Supplementary materials to
Trowitzsch, I., Schymura, C., Kolossa, D., Obermayer, K. (2019), "Joining Sound Event Detection and Localization Through Spatial Segregation", submitted, IEEE Transactions on Audio, Speech, Language Processing, https://arxiv.org/abs/1904.00055.
- Models
- Fullstream sound event detection models
- Segregated sound event detection models
- Spatial segregation model
- Code
- for training fullstream and segregated sound event detection models
- for testing fullstream and segregated sound event detection models
- for evaluating test results and plotting graphs
- Scene parameters lists
- Feature set descriptions
The code needs the Auditory Machine Learning Training and Testing Pipeline (AMLTTP) installed to run, and AMLTTP makes use of other software modules of the Two!Ears Computational Framework.

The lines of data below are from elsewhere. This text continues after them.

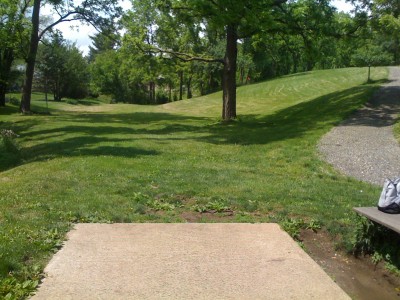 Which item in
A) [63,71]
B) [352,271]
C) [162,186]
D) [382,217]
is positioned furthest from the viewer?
[63,71]

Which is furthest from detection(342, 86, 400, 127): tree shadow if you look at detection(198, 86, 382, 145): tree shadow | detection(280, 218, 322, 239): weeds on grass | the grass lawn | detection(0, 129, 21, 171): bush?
detection(280, 218, 322, 239): weeds on grass

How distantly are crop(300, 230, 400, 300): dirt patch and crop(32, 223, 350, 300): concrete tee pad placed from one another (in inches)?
12.4

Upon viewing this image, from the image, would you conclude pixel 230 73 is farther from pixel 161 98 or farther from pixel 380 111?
pixel 161 98

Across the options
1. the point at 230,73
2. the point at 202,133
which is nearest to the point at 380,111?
the point at 230,73

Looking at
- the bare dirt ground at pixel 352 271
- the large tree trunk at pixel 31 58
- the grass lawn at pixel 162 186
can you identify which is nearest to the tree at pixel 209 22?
the grass lawn at pixel 162 186

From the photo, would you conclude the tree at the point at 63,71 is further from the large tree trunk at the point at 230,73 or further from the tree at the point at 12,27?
the large tree trunk at the point at 230,73

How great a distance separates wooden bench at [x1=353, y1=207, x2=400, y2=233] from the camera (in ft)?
15.5

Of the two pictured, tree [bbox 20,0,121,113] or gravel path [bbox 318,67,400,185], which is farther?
tree [bbox 20,0,121,113]

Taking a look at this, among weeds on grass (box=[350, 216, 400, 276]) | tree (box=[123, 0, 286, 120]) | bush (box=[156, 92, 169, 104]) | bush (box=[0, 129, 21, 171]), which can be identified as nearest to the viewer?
weeds on grass (box=[350, 216, 400, 276])

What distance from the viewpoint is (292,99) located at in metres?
37.3

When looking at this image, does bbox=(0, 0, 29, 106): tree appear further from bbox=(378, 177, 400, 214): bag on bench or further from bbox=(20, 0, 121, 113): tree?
bbox=(378, 177, 400, 214): bag on bench

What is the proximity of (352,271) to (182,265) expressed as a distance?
189 cm

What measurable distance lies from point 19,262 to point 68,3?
28458mm

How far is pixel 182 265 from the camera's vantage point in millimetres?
4723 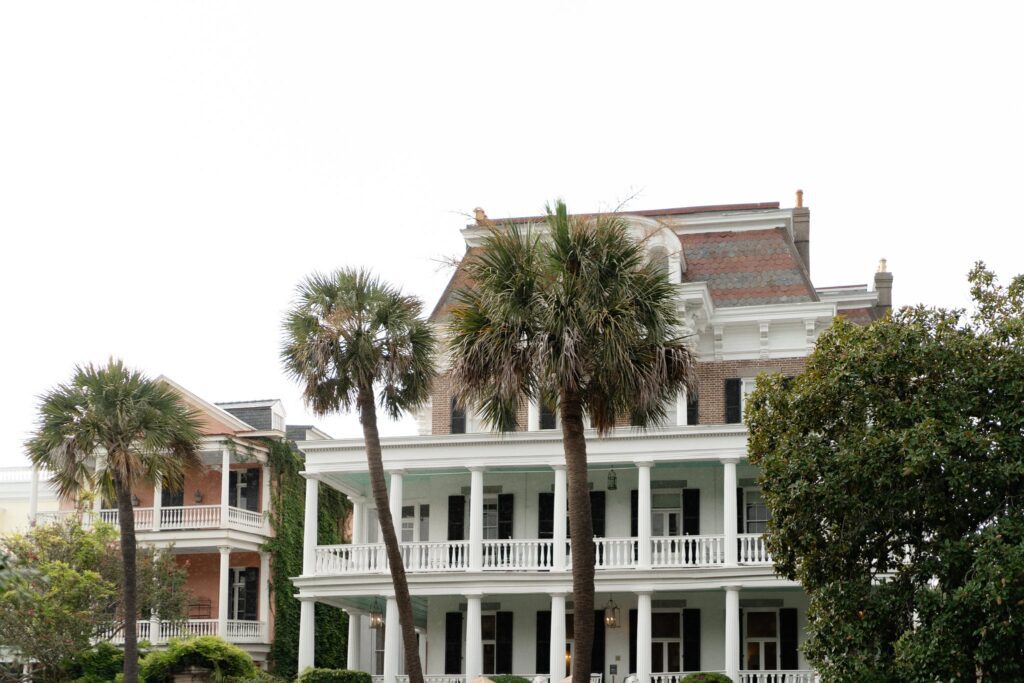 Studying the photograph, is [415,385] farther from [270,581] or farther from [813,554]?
[270,581]

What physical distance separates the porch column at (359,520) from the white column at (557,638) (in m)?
7.51

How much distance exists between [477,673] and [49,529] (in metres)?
13.0

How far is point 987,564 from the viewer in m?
19.5

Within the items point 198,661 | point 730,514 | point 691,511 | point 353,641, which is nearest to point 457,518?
point 353,641

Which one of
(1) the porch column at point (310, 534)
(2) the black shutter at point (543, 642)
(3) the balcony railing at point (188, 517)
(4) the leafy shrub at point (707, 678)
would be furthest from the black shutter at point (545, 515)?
(3) the balcony railing at point (188, 517)

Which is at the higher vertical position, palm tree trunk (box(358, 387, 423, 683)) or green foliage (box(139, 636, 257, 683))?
palm tree trunk (box(358, 387, 423, 683))

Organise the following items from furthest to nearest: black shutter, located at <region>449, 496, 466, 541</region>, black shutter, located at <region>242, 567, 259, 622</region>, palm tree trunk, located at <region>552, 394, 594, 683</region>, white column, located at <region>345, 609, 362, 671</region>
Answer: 1. black shutter, located at <region>242, 567, 259, 622</region>
2. black shutter, located at <region>449, 496, 466, 541</region>
3. white column, located at <region>345, 609, 362, 671</region>
4. palm tree trunk, located at <region>552, 394, 594, 683</region>

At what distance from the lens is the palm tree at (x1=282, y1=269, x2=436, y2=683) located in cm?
3114

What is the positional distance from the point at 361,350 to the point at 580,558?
33.0 feet

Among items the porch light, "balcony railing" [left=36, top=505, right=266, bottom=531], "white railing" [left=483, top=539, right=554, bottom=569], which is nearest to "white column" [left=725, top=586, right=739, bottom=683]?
the porch light

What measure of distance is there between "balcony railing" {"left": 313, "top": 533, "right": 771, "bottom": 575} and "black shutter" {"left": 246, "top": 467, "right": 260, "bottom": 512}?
1066 cm

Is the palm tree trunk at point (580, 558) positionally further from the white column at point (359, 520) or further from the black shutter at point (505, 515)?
the white column at point (359, 520)

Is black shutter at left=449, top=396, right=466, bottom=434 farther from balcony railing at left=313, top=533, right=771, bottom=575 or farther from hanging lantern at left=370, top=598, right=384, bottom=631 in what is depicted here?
hanging lantern at left=370, top=598, right=384, bottom=631

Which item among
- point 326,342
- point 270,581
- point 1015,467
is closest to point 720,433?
point 326,342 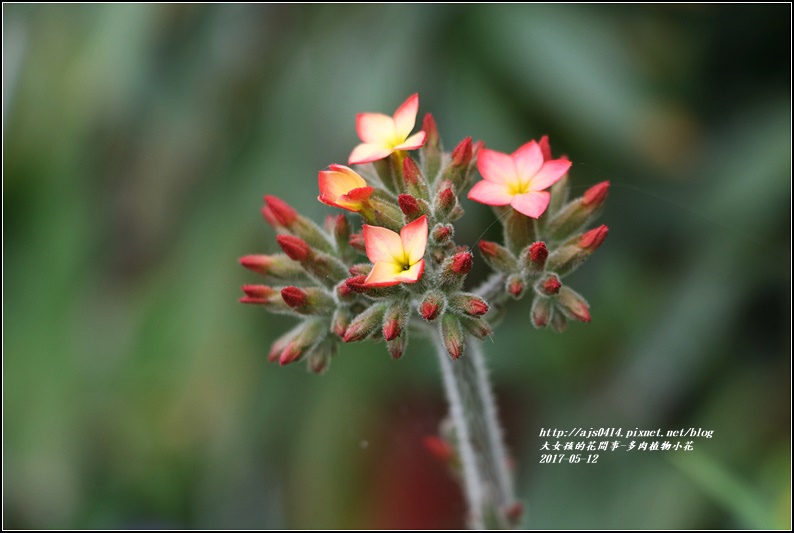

You will need to download
- https://github.com/TWOEARS/Auditory-Machine-Learning-Training-and-Testing-Pipeline
- https://github.com/TWOEARS/blackboard-system
- https://github.com/TWOEARS/auditory-front-end
- https://github.com/TWOEARS/binaural-simulator
- https://github.com/TWOEARS/SOFA
- https://github.com/TWOEARS/main
- https://github.com/TWOEARS/stream-segregation-training-pipeline
In your Two!Ears-"main" directory, please first edit TwoEarsPath.xml to point to your respective directories.
Once Matlab opened, the Two!Ears main folder needs to be added to the Matlab path. This will be accomplished by executing the following command:
>> addpath( '<path-to-your-TwoEars-Main-directory>' )
Training and testing is performed on the sounds of the NIGENS database. Please download it from
Trowitzsch, Ivo, et al (2019), "NIGENS general sound events database", Zenodo. http://doi.org/10.5281/zenodo.2535878
First edit train_fullstream and train_segId to set nigensPath
and dataCachePath
(lines 5 and 6) to your respective pathes. Then training can be executed:
>> train_segId()
>> train_fullstream()
It is, computationally, reasonable to first execute train_segId
and then train_fullstream
. The other way around will take a bit longer (any direction actually will take very long due to the necessary preprocessing: scene-rendering, segregation, feature construction, etc.; and use a lot of disk space (a few terrabytes...) for the data cache...).
It is fine to cancel preprocessing of the data at any time. Due to the caching mechanism of AMLTTP, preprocessing will be continued next time.
To check that the code actually works without having to process all data and use so much disk space, execute
>> train_segId( 9:10, 1:4, [1,11,21,31] )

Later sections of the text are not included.